The film has the feeling of grappling with a subject of almost impossible immensity, of trying to find a structure and a mode of expression equal to the sadness of its subject. The best analysis of the film that I know of, by Robin Wood in his book Hollywood from Vietnam to Reagan…and Beyond, disentangles its complex strands with surgical clarity, while allowing that the scalpels can only reach so far: he concludes that the film’s greatness perhaps lies “in the richness of its confusions.” Among many other things, Wood’s essay is masterful in drawing out an element which I’d registered, but hardly mulled on in such detail – the way in which its treatment of the three main characters played by Robert De Niro, Christopher Walken and Meryl Streep expresses “the universal bisexuality our culture strives to repress.” Reading Wood’s account, and mulling on the sly radicalism of Cimino’s achievement, it seems plausible there was something primal in how the world soon turned on him, seizing an opportunity to quell some unresolved anxiety in what he represented.

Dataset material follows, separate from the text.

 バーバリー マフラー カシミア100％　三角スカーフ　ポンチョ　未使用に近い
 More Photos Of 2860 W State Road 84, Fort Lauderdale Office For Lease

I’d watched The Godfather again a few weeks before rewatching The Deer Hunter, and while that remains a staggering feat of story-telling, and much more obviously influential on American storytelling in recent decades, it seemed almost limited and self-absorbed by comparison (Wood seems to have little time for Coppola, judging his work “a daunting mixture of the pretentious and the banal, in roughly equal measure,” with the Godfather films constituting “only partial” exceptions). The Godfather remains tremendously provocative about the nature of post-war America, but only insofar as we choose to regard the somewhat rarified trajectory of the Corleones as an experience with inherent metaphorical resonance (there’s virtually nothing of what you might call “the real world” in the film). Compared to that film’s impeccable sense of assurance, The Deer Hunter preaches and rambles and occasionally seems to lose its thread altogether, but while it draws on American myths and archetypes, it obsessively bores in on one of America’s thousands of culturally specific environments (marked in this case by the steel mills that dominate the town, and by the fraying Russian immigrant heritage), yet universally struggling and unfulfilled. On the other hand, Cimino was never a documentarian – as my wife pointed out, the deer hunting scenes, supposedly taking place above their Pennsylvania town, were actually shot half a continent away.

Heaven’s Gate

Wood rates Heaven’s Gate even more highly than The Deer Hunter, placing it “among the supreme achievements of the Hollywood cinema.” Set in the 1890’s, it depicts how a group of establishment Wyoming landowners (acting outside the law, but with the tacit support of authorities and institutions) launch what we might now almost call a campaign of ethnic cleansing against a “death list” of immigrants; Kris Kristofferson plays a marshal, an establishment man himself, but disgusted by these actions. More than the previous film, Heaven’s Gate is marked by its extreme visual beauty, but not of a glassily pictorial kind – there’s a slight gauziness to many of the images, so that the film and its meaning often seem to be dissolving away from us. Of course, respondents often analyzed this quality, along with Cimino’s discursive approach to narrative and relationships (if one wasn’t sure about the politicized sexuality of The Deer Hunter, it becomes even clearer in Heaven’s Gate), as denoting simple ineptitude. But in a way, they only confirmed one of his core points, that American ideals, almost as soon as they were articulated and formalized, have always been in the process of degrading and dying. If I found Heaven’s Gate slightly less stimulating than The Deer Hunter on this occasion anyway, maybe it’s only because I’ve never been particularly dazzled by America’s claims for its past, whereas we have no choice but to be invested in its present.